TASK ITEM:
The response must consist of the lines below from the one with "Sonnenuntergang vom Pooldeck" through the one with "Kalahkan Jennifer Lawrence, Lupita", exactly as they appear and with both ends kept.

AVAILABLE DATA:
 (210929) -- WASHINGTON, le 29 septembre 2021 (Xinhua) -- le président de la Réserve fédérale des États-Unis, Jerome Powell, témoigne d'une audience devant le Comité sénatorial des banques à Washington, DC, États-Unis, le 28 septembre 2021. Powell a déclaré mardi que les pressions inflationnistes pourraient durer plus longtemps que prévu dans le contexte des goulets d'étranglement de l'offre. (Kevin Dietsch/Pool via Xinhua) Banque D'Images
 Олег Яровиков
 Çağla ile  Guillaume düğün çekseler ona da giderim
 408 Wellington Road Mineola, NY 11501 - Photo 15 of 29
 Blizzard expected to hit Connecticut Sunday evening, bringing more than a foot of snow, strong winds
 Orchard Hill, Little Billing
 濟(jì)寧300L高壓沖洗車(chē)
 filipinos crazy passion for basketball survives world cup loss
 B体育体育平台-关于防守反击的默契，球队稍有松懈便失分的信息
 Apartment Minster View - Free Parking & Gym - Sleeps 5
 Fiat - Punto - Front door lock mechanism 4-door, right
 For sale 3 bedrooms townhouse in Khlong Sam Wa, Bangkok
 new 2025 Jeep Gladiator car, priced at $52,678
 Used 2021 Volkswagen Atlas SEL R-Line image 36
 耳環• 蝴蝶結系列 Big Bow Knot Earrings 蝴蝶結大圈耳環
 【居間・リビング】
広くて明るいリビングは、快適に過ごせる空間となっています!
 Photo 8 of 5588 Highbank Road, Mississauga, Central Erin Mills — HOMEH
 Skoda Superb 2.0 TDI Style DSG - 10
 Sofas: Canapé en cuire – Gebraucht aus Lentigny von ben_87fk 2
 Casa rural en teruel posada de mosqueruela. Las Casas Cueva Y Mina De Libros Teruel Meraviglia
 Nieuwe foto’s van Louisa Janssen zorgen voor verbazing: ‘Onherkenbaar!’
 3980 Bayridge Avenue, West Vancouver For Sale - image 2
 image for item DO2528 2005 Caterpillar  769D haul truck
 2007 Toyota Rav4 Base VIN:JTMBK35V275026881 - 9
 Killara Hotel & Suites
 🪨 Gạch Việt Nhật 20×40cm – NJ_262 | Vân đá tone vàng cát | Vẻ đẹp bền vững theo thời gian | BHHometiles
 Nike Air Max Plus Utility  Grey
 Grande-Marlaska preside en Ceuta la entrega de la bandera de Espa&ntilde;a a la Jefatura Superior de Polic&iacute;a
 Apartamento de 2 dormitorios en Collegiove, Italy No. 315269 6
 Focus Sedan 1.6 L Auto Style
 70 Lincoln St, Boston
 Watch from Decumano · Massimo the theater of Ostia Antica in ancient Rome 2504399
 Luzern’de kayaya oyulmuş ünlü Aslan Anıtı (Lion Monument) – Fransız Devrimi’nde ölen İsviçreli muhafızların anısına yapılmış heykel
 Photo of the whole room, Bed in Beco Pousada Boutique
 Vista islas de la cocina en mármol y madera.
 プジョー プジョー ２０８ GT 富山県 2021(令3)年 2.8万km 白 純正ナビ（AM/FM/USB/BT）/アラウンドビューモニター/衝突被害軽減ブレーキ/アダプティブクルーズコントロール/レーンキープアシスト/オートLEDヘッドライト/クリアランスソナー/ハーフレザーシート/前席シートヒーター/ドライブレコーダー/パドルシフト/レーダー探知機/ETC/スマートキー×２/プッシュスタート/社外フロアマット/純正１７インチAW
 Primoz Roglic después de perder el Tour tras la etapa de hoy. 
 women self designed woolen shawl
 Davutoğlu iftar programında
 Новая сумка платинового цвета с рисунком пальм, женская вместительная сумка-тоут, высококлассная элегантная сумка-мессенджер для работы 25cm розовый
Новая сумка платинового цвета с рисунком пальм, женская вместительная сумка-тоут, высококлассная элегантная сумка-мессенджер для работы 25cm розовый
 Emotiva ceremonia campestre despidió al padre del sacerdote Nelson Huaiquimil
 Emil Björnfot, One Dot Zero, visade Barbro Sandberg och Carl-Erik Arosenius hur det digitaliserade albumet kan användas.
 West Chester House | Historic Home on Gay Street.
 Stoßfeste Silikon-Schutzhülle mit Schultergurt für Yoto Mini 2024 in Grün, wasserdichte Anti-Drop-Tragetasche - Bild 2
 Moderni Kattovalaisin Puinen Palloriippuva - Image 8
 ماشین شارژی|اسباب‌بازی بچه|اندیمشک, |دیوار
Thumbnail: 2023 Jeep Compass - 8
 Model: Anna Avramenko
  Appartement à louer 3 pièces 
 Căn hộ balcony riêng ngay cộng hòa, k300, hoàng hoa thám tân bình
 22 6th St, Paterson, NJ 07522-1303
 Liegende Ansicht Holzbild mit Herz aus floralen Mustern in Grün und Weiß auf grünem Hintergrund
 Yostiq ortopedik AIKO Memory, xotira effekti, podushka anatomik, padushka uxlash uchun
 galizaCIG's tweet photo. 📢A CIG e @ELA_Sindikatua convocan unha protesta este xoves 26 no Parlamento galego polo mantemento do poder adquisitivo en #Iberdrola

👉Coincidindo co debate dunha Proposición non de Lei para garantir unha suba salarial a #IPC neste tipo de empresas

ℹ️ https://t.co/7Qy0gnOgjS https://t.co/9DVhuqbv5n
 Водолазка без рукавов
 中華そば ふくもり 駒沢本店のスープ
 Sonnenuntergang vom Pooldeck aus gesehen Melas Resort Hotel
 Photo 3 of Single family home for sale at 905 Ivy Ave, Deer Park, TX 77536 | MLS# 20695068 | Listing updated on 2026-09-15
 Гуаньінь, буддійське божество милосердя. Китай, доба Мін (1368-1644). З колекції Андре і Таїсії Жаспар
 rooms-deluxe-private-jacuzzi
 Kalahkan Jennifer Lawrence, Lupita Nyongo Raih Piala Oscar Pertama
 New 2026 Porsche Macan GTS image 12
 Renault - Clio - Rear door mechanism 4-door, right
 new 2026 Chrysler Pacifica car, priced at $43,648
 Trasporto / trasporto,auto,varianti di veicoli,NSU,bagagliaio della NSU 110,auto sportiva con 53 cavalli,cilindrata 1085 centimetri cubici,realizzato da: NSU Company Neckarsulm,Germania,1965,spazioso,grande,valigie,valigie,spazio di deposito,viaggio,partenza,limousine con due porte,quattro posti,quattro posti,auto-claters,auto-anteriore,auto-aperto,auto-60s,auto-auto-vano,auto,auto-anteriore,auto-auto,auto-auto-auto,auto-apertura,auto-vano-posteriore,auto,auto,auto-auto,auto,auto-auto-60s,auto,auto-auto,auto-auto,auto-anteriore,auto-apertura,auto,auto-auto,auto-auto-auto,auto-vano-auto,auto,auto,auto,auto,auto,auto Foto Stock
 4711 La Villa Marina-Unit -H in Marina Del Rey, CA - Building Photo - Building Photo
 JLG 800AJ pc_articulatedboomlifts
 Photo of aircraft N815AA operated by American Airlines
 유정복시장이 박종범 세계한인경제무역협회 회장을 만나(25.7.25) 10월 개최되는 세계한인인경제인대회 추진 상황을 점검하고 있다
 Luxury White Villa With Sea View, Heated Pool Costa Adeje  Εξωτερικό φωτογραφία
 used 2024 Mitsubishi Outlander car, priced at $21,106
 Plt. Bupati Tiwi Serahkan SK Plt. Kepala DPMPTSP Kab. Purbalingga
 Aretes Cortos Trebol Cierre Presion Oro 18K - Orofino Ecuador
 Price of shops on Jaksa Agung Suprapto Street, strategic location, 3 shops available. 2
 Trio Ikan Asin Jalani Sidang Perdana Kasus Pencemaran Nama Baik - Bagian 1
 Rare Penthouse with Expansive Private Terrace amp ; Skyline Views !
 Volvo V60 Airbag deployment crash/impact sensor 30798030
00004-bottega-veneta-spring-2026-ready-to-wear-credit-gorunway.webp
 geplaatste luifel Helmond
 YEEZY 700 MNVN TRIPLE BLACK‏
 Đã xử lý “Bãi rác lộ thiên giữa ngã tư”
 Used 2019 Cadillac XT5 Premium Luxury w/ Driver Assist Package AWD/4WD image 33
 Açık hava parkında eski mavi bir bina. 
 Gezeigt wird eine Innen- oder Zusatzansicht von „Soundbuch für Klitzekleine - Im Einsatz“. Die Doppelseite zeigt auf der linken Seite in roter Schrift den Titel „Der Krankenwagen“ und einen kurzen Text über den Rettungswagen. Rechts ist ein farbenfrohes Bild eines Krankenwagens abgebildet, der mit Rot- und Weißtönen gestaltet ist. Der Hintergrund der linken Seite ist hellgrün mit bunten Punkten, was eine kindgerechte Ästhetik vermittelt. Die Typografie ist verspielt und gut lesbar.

RESULT OF THIS EXERCISE:
 Sonnenuntergang vom Pooldeck aus gesehen Melas Resort Hotel
 Photo 3 of Single family home for sale at 905 Ivy Ave, Deer Park, TX 77536 | MLS# 20695068 | Listing updated on 2026-09-15
 Гуаньінь, буддійське божество милосердя. Китай, доба Мін (1368-1644). З колекції Андре і Таїсії Жаспар
 rooms-deluxe-private-jacuzzi
 Kalahkan Jennifer Lawrence, Lupita Nyongo Raih Piala Oscar Pertama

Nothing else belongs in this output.